Affinity propagation clustering
AP_affinity_propagation(
data,
p,
maxits = 1000,
convits = 100,
dampfact = 0.9,
details = FALSE,
nonoise = 0,
time = FALSE
)
a matrix. Either a similarity matrix (where number of rows equal to number of columns) or a 3-dimensional matrix where the 1st, 2nd and 3rd column correspond to (i-index, j-index, value) triplet of a similarity matrix.
a numeric vector of size 1 or size equal to the number of rows of the input matrix. See the details section for more information.
a numeric value specifying the maximum number of iterations (defaults to 1000)
a numeric value.
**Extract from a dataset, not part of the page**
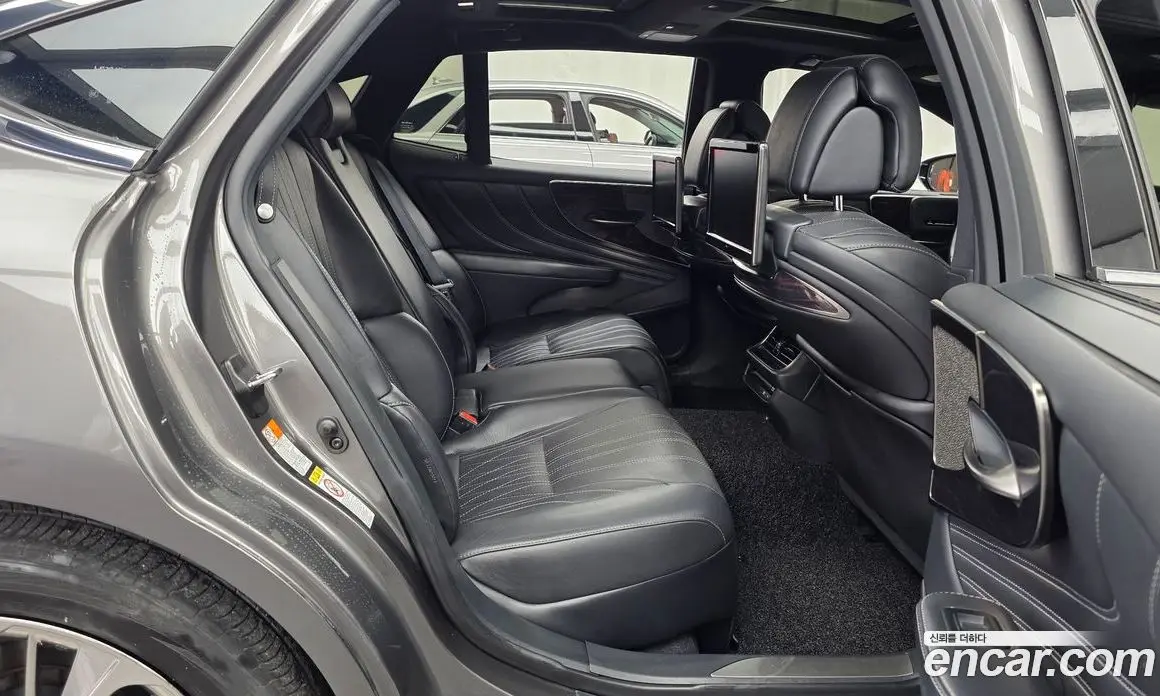 Lexus LS 2019 3.4 автомат (гидро), фото 12 Lexus LS 2019 3.4 автомат (гидро), фото 12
If the estimated exemplars stay fixed for convits iterations, the affinity propagation algorithm terminates early (defaults to 100)
a float number specifying the update equation damping level in [0.5, 1). Higher values correspond to heavy damping, which may be needed if oscillations occur (defaults to 0.9)
a boolean specifying if details should be printed in the console
a float number. The affinity propagation algorithm adds a small amount of noise to data to prevent degenerate cases; this disables that.
a boolean. If TRUE then the elapsed time will be printed in the console.
The affinity propagation algorithm automatically determines the number of clusters based on the input preference p, a real-valued N-vector. p(i) indicates the preference that data point i be chosen as an exemplar. Often a good choice is to set all preferences to median(data). The number of clusters identified can be adjusted by changing this value accordingly. If p is a scalar, assumes all preferences are that shared value.
The number of clusters eventually emerges by iteratively passing messages between data points to update two matrices, A and R (Frey and Dueck 2007). The "responsibility" matrix R has values r(i, k) that quantify how well suited point k is to serve as the exemplar for point i relative to other candidate exemplars for point i. The "availability" matrix A contains values a(i, k) representing how "appropriate" point k would be as an exemplar for point i, taking into account other points' preferences for point k as an exemplar. Both matrices R and A are initialized with all zeros. The AP algorithm then performs updates iteratively over the two matrices. First, "Responsibilities" r(i, k) are sent from data points to candidate exemplars to indicate how strongly each data point favors the candidate exemplar over other candidate exemplars. "Availabilities" a(i, k) then are sent from candidate exemplars to data points to indicate the degree to which each candidate exemplar is available to be a cluster center for the data point. In this case, the responsibilities and availabilities are messages that provide evidence about whether each data point should be an exemplar and, if not, to what exemplar that data point should be assigned. For each iteration in the message-passing procedure, the sum of r(k; k) + a(k; k) can be used to identify exemplars. After the messages have converged, two ways exist to identify exemplars. In the first approach, for data point i, if r(i, i) + a(i, i) > 0, then data point i is an exemplar. In the second approach, for data point i, if r(i, i) + a(i, i) > r(i, j) + a(i, j) for all i not equal to j, then data point i is an exemplar. The entire procedure terminates after it reaches a predefined number of iterations or if the determined clusters have remained constant for a certain number of iterations... ( https://www.ncbi.nlm.nih.gov/pmc/articles/PMC5650075/ -- See chapter 2 )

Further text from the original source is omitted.